More broadly speaking, the bigger message for the “Big 3” of Alibaba (NYSE: BABA), Baidu and Tencent (HKEx: 700) seems to be that investors are looking for any reason to sell shares of these overinflated companies, and earnings announcements lacking any major excitement seem like a good excuse to do just that. Baidu’s shares sagged by 10 percent in after-hours trade after it announced its latest results, and will be down around 20 percent from a December peak if the drop holds in regular trading.
Shares of Alibaba look even worse, though it’s important to note the stock was already overinflated when the company became embroiled in a tiff with the business regulator a couple of weeks ago over piracy on its Taobao site. Alibaba’s shares are now down nearly 30 percent from a peak in early November, and have lost 17 percent in the last 3 weeks since its spat with the regulator began and it also announced quarterly results that were mostly business-as-usual.

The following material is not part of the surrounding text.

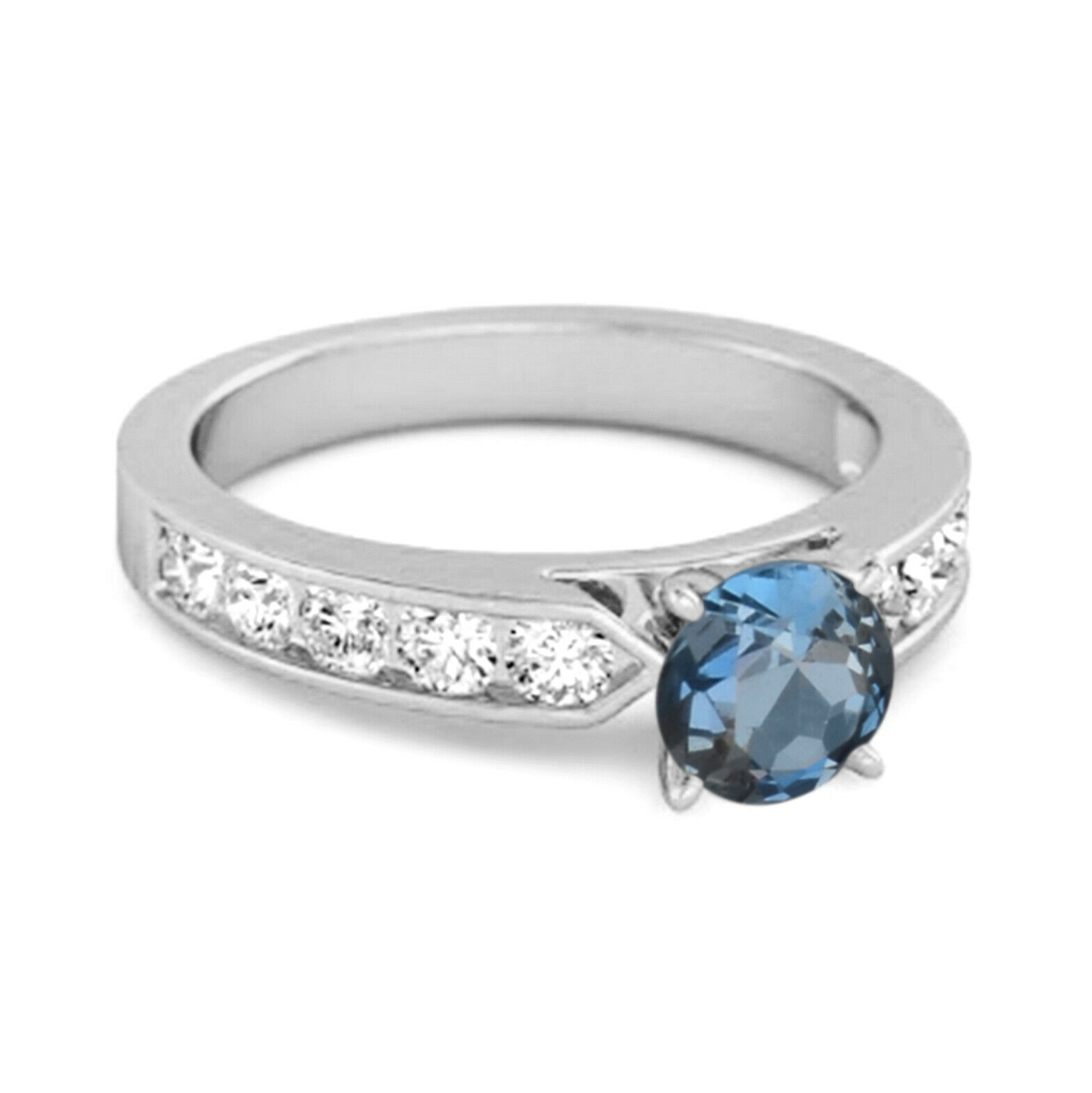 0.25 Ct London Blue Topaz 9k White Gold Marguerite Tale of Beauty Ring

All that seems to show that business-as-usual isn’t what investors are looking for these days, even though that’s mostly what they got with Baidu’s latest results. The big trend for Baidu has been a huge gap between revenue growth and much slower profit growth, thanks to a surge in spending as the company invests heavily on the mobile Internet. That trend continued in the fourth quarter, with revenue and profits up 48 percent and 16 percent, respectively. (company announcement)

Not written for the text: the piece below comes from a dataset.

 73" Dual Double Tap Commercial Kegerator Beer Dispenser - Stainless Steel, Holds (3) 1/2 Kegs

The company’s costs also continued to soar during the quarter, rising 63 percent from a year earlier. At the same time, Baidu provided slightly worrisome guidance for the current quarter, saying revenue would grow by about 35 percent for the period. That looks slightly troublesome, since the company had been posting revenue growth of more than 50 percent over the last year. But we’ll have to wait and see if the slowdown is a one-time thing or if it persists into the coming quarters.
There’s really not too much more to say about these results, since they really do mostly show a continuation of recent company trends. But the fact that both Baidu and Alibaba shares have both sagged on similar reports shows that investors are tiring of the same old stories and want something new to excite them and justify the premium they usually pay for these Internet titans. In the absence of such a new story, the shares could continue to come under pressure for the next few months.
The trend certainly doesn’t bode too well for Tencent, which will report its results on March 18 after the Lunar New Year holiday period that begins next week. (earnings calendar) Of the 3 BAT companies, Tencent is the only one whose shares have actually performed well in the last couple of months, and are up 26 percent from a trough in mid December. If Baidu and Alibaba are any indicator, the company’s shares could also come under pressure when it releases its latest earnings report, setting the stage for a broader pullback in the stocks of all 3 BAT companies.